DETROIT — The FBI arrested a Michigan man on Monday following an investigation about threats of violence — including domestic terrorism actions such as planting bombs — against telecommunications companies, which the man had blamed for “broadcasting pornography, cursing and immoral content.”

Federal prosecutors charged John Douglas Allen yesterday with “extortion and attempting to destroy a building and accused him of leaving pipe bombs and threatening letters in locations across northern Michigan and the Upper Peninsula,” the Detroit News reports.

The 75-year-old retired miner lives in Whittemore, Michigan. The FBI claims the investigation revealed the use of homemade bombs, coded letters, spy cameras and counter-surveillance tactics.

Federal court records, the Detroit News reports, “allege Allen was motivated to plant the bombs at various cell towers because he was angry that telecommunications companies broadcast pornography, cursing and ‘immoral content.’”

The FBI said Allen “was charged almost one month after the first of several letters was also found inside a polka-dotted envelope, packaged inside a sealed zip lock bag near a telecommunications tower in St. Ignace, north of the Mackinac Bridge.”

‘Cease Distributing Immoral Content’

The letters were sent from a supposed “Coalition for Moral Telecommunication (CMT)” and addressed to several companies, including AT&T and Verizon.

The letters, the Detroit News reports, “claimed CMT had almost 30 members who were ‘prepared to travel throughout this Country and begin distroying (sic) inner city tower communication,’ unless several demands were followed, according to an FBI affidavit filed in federal court. The demands included a $5 million payment and that the telecommunication companies cease distributing ‘immoral content,’ including pornography, cursing and ‘all manner of indecent communication.’”
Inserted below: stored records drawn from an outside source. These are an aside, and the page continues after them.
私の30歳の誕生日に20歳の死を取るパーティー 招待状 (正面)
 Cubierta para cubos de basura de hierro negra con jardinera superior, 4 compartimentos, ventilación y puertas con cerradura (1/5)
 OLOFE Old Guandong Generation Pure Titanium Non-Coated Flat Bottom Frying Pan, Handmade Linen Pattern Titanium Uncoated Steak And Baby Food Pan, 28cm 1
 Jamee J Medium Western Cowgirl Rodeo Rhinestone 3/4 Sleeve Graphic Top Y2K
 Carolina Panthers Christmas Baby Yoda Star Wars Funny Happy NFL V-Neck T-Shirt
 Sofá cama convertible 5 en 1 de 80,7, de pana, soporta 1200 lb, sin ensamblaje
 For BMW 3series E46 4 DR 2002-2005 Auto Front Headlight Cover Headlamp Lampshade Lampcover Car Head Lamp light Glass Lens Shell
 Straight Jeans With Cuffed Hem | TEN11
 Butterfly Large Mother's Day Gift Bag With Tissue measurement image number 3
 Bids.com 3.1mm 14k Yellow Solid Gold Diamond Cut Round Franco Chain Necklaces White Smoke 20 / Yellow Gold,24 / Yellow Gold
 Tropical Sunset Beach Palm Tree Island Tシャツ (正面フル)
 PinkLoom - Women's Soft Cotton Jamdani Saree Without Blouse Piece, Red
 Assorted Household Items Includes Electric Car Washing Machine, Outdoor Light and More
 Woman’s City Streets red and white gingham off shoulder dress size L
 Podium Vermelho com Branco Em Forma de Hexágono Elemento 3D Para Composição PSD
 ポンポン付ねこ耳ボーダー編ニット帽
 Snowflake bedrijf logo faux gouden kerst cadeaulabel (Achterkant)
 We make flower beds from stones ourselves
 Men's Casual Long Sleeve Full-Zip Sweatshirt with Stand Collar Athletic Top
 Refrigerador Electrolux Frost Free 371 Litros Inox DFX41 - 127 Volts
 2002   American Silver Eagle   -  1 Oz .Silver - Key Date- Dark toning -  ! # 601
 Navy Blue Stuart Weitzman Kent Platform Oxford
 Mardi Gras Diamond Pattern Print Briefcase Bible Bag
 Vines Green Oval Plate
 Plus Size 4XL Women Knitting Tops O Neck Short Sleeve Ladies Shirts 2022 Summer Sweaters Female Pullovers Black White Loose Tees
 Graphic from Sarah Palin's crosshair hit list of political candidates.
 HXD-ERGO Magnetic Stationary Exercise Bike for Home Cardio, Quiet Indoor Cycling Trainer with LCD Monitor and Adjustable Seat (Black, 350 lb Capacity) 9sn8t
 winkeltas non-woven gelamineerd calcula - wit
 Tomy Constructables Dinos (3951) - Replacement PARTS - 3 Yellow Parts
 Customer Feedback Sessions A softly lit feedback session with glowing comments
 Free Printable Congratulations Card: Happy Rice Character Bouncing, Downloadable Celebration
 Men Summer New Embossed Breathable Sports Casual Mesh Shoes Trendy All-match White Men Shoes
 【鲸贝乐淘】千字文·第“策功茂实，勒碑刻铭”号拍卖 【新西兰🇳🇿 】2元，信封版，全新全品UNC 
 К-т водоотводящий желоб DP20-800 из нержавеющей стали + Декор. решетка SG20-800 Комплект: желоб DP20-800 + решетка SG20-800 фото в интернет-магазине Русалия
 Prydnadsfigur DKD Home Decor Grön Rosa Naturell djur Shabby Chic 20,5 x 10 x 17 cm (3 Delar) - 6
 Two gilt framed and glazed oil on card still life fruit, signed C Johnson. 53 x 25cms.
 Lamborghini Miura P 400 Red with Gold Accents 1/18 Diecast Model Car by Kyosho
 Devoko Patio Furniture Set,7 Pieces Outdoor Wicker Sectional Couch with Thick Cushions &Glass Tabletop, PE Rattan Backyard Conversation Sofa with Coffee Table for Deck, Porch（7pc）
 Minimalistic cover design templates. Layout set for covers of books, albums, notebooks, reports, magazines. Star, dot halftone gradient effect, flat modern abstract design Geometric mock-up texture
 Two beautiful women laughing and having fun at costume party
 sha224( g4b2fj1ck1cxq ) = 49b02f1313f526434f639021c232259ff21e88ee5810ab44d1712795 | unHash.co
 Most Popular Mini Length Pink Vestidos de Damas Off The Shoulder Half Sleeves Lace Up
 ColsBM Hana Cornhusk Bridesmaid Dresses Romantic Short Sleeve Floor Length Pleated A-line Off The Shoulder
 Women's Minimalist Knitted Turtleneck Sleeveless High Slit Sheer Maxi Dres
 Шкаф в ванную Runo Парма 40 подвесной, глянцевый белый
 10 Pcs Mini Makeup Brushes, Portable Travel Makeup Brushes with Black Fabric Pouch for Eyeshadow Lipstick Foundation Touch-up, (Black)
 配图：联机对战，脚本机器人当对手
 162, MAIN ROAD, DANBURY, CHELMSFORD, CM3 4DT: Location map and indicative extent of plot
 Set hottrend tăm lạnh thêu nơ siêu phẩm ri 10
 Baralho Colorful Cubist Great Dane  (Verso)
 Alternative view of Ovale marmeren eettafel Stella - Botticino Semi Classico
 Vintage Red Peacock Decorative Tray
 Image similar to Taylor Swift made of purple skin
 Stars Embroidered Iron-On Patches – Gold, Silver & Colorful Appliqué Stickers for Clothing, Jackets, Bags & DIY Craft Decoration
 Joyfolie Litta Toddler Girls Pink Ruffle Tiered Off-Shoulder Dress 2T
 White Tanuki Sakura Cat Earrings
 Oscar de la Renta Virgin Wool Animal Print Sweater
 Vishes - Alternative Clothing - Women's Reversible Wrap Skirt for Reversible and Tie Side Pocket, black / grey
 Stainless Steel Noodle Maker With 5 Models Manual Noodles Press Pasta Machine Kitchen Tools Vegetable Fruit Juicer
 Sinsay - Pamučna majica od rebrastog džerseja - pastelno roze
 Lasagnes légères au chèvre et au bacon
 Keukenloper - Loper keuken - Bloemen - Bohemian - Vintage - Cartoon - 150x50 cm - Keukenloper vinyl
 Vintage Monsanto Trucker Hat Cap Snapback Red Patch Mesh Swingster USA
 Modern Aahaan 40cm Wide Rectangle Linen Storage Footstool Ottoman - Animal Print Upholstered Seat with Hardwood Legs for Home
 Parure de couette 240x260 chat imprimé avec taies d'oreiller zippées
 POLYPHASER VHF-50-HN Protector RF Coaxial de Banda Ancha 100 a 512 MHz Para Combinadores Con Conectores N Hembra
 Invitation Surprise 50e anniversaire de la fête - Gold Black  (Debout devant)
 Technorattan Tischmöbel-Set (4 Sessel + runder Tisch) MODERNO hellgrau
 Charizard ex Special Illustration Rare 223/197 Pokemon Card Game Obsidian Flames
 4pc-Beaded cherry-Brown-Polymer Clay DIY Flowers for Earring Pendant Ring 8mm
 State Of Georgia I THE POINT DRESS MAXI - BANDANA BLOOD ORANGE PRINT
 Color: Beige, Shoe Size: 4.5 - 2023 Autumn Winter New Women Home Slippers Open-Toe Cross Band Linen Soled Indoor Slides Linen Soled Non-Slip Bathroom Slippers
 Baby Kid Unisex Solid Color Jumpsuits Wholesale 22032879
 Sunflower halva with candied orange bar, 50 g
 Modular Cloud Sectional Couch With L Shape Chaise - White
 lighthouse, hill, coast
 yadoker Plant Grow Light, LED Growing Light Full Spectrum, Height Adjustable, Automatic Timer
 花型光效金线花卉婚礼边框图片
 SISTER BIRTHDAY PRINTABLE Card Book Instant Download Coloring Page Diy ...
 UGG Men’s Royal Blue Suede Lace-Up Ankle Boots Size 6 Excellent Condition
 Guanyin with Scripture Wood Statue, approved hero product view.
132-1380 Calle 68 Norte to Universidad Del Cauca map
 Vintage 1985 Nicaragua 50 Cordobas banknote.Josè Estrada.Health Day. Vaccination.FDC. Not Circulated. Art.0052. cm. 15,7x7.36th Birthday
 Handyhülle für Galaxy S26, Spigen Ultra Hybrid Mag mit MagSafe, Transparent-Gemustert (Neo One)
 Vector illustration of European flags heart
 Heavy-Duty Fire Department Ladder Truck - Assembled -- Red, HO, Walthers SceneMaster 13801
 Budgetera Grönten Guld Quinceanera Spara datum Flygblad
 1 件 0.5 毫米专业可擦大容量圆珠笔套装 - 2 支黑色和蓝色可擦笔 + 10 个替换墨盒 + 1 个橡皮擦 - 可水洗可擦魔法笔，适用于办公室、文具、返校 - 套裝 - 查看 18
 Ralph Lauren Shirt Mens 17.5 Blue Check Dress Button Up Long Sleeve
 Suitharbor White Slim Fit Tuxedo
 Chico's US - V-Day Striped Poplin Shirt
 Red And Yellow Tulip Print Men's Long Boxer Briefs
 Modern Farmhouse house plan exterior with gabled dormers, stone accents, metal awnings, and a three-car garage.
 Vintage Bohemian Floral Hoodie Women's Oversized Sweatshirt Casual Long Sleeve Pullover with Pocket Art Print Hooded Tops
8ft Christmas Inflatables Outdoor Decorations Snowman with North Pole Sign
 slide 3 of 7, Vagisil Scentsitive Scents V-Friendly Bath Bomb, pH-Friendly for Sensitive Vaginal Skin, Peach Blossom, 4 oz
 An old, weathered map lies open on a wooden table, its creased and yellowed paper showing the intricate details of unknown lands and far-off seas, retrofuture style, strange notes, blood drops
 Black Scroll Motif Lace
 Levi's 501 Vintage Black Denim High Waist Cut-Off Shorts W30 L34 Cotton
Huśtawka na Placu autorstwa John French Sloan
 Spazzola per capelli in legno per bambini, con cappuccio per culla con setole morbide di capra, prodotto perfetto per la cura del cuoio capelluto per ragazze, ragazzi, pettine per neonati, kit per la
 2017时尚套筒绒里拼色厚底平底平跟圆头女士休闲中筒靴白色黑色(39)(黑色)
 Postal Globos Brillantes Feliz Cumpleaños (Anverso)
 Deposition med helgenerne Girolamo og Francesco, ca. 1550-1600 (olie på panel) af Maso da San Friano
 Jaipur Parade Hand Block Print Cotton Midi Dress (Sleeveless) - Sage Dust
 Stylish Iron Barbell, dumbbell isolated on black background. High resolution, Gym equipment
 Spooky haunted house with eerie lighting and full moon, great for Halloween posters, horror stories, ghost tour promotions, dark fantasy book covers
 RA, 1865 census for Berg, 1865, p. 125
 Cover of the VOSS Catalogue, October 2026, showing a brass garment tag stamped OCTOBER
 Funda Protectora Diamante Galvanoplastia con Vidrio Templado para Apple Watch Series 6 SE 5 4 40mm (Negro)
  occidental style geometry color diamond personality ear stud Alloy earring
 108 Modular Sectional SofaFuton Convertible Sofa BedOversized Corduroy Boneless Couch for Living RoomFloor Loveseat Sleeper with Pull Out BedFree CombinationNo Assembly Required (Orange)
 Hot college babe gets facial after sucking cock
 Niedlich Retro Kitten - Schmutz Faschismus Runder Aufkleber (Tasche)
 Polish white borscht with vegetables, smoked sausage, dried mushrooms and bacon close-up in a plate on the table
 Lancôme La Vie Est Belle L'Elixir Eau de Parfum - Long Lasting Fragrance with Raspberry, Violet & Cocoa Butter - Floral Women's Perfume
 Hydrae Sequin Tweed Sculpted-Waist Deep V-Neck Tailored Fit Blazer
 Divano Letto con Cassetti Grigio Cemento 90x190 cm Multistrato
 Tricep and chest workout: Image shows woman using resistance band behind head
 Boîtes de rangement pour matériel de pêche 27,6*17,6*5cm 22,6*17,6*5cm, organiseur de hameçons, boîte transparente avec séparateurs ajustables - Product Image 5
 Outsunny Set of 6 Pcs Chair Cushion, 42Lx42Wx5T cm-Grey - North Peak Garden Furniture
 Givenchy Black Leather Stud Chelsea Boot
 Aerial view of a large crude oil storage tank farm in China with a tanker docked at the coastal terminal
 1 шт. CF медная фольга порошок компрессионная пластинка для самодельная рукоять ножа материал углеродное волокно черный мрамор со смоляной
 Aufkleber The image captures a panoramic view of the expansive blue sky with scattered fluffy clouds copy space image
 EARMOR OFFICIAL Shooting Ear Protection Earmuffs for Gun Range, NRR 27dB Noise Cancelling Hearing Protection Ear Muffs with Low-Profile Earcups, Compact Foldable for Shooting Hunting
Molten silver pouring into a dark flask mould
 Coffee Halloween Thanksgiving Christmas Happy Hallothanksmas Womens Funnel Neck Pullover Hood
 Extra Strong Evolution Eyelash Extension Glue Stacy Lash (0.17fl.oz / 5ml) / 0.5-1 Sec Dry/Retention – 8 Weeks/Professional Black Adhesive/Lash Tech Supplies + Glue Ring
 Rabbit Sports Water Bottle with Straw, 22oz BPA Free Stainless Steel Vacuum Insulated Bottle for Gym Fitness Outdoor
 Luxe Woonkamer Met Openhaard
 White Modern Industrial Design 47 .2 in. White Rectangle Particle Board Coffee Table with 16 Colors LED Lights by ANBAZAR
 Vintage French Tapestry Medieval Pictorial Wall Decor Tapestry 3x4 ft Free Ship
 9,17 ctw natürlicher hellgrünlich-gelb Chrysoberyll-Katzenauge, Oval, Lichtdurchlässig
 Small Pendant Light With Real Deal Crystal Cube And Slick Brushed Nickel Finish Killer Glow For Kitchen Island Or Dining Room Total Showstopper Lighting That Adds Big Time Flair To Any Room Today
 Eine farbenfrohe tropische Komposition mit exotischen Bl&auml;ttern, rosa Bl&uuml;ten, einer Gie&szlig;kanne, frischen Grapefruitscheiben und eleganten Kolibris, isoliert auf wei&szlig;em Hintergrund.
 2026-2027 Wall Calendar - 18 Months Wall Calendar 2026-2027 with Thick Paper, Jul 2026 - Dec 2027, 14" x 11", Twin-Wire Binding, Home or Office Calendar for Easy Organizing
Allen’s arrest comes only a few months after the Atlanta massage parlor massacres in May. The man indicted for those murders, Robert Aaron Long, stated that his motive was his perceived “sex addiction,” which his family had tried to treat at religious “re-education centers” that preach shame-based sexual concepts. Long told the police he murdered the massage parlor employees because he wanted to “eliminate the temptation” and he added that at the time he was arrested he was actually heading to Florida to inflict more violence on “pornography sets.”